A Fiery Flying Roll, from which a number of extracts have already been given, described itself as “A Word from the Lord to the Great ones of the Earth”. With it was bound A Second Fiery Flying Roll, addressed “To all the Inhabitants of the Earth.”. The violent and provocative tone of the Roll, together with Coppe’s unconventional behaviour, attracted a great deal of attention and led to an immediate reaction. The Ranters, hitherto almost ignored, began to be written and talked about. A glance at the bibliographical note appended to this essay will show that almost half the items listed date from the year 1650 and more than half the remainder from 1651.
Coppe, who had either left London after the publication of A Roll or been taken from it under arrest, was soon in prison in Coventry. On February 1st Parliament issued an Order declaring that passages from A Roll had been read before it and contained “many horrid Blasphemies, and damnable and detestable opinions, to be abhorred by all good and godly people”. It was ordered that copies be publicly burnt “by the hand of the Hangman, at New-Pallace-Yard at Westminster, the Exchange, in Cheapside and at the Market-place in Southwark”. Search was to be made and all copies that could be found were to be destroyed.
One of the first attacks on the Ranters came from the Anabaptists. Heart-Bleedings of Professors Abominations appeared on February 28th and this was signed by sixteen of their Ministers. These included a number – Kiffin, Spilsbury, Patience and Drapes – who less than a yeir ago had signed The Humble Petition and Representation of Severil Churches of God in London directed against the Levellers. On both occasions they were eager to disavow any connection with what they regarded as an unpopular group. Here, though the Ranters are not mentioned by name, their familiar tenets are all outlined and repudiated. The pamphlet deals at length with the argument
“that those who have faln into such desperate abominations, were sometimes members of our Congregations, and from thence are apt to condemn our profession, and question whether our way be of God or no, saying, you see what your judgement leads to”. They reply that, “Many if not most of them were never members with us”,
and that in any case no flock can be condemned for having had a few black sheep.

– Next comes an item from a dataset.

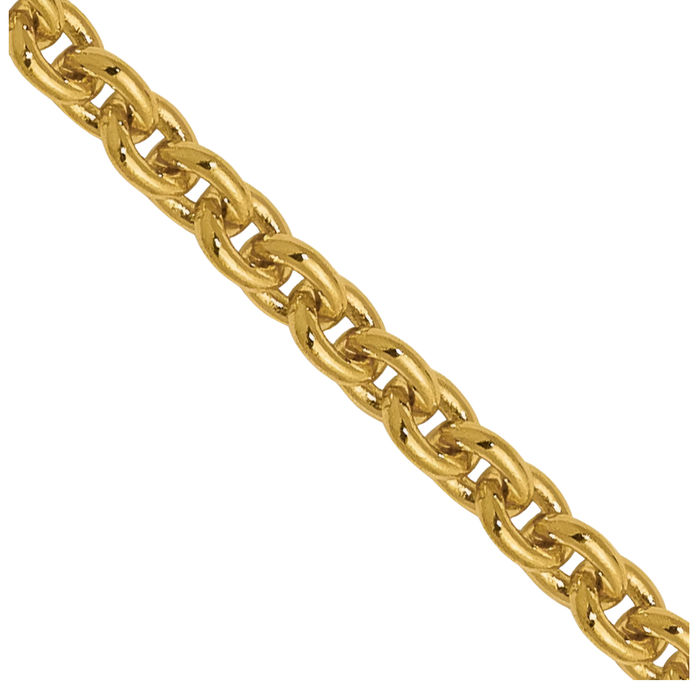 14K Solid Yellow Gold 1.95mm Round Cable Rolo Link Chain Belcher Necklace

That these fears were not without foundation was shown by the publication a fortnight later of A Blow at the Root, Or some Observations towards A Discovery of the Subtilties and Devices of Satan, a production of the Presbyterian establishment in which the excesses of the Ranters serve as an excuse for an attack on all the Sects. Its anonymous author contends that one thing leads inevitably to another:
An over-curious questioning of some things appertaining to Religion (against which yet I conceive, no cleare evidence can be given) disposeth to Separation: Separation is an ordinary step to Anabaptisme; Anabaptisme perfects itself in Seeking, being above Ordinances, and Questioning everything revealed in the Scriptures, and in high Raptures and Revelations. This determinates in Levelling, and (through that) runnes compasse (with some) to that strange and fearfull. straine declared and taught in the late Fiery flying ‘Roll; which state’s the perfection of all Religion expressly [in perfect Libertinisme]. So that Profaneness ye may perceive, is the Devils Alpha and Omega.

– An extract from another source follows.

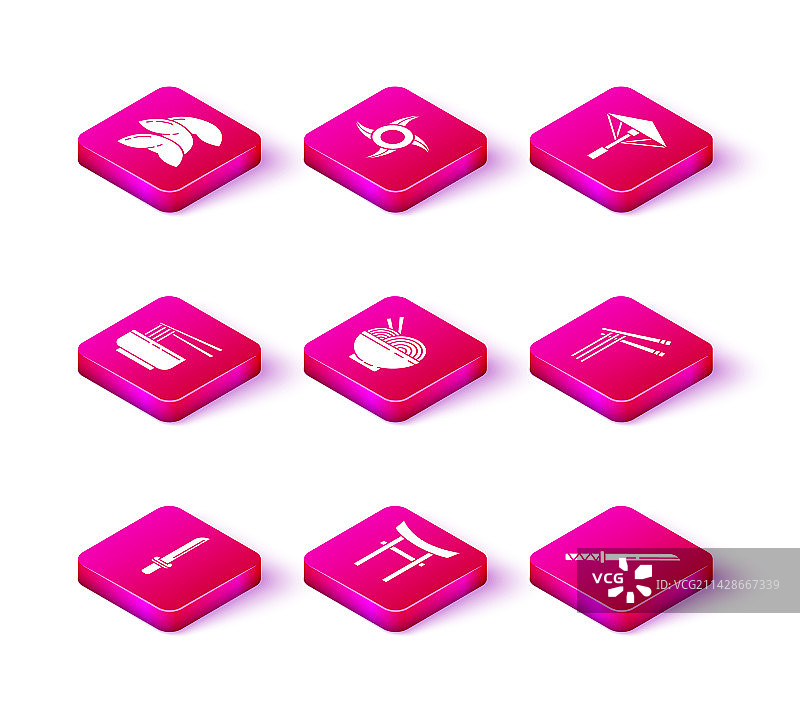 日本武士刀、鸟居与亚洲碗面图片素材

The main Ranter doctrines are then attacked in some detail.
Meanwhile the Ranters appear to have been growing in strength and Clarkson’s A Lost Sheep describes the increasing boldness of their activities. In April George Foster published The Sounding of the Last Trumpet, with social and political ideas very similar to those of Coppe and Clarkson.
In June Parliament set up a Committee to enquire into the Ranters and other heretical groups. On June 21st it reported “on the several abominable Practices of a Sect called Ranters”, and a Bill was prepared which was debated on several days during June and July. On August 9th Parliament passed its Act for the Punishment of Atheistical, Blasphemous and Execrable Opinions. This Act declared a number of heresies to be punishable by six months’ imprisonment, with banishment for a second offence. These included maintaining that God “dwells in the creature and nowhere else”, that “the acts of uncleannes, Prophane Swearing, Drunkenness, and the like Filthiness and Brutishness, are not unholy and forbidden in the Word of God”, that such actions and “the like open wickedness, are in their nature as Holy and Righteous as the Duties of Prayer, Preaching or giving of Thanks to God”, “that such men and women are most perfect, or like to God or Eternity, which do commit the greatest Sins with least remorse or sense”, and that “there is no such thing really and truly as Unrighteousness, Unholiness or Sin, but as a man or woman judgeth thereof; or that there is neither Heaven nor Hell, neither Salvation nor Damnation, or that those are one and the same thing”.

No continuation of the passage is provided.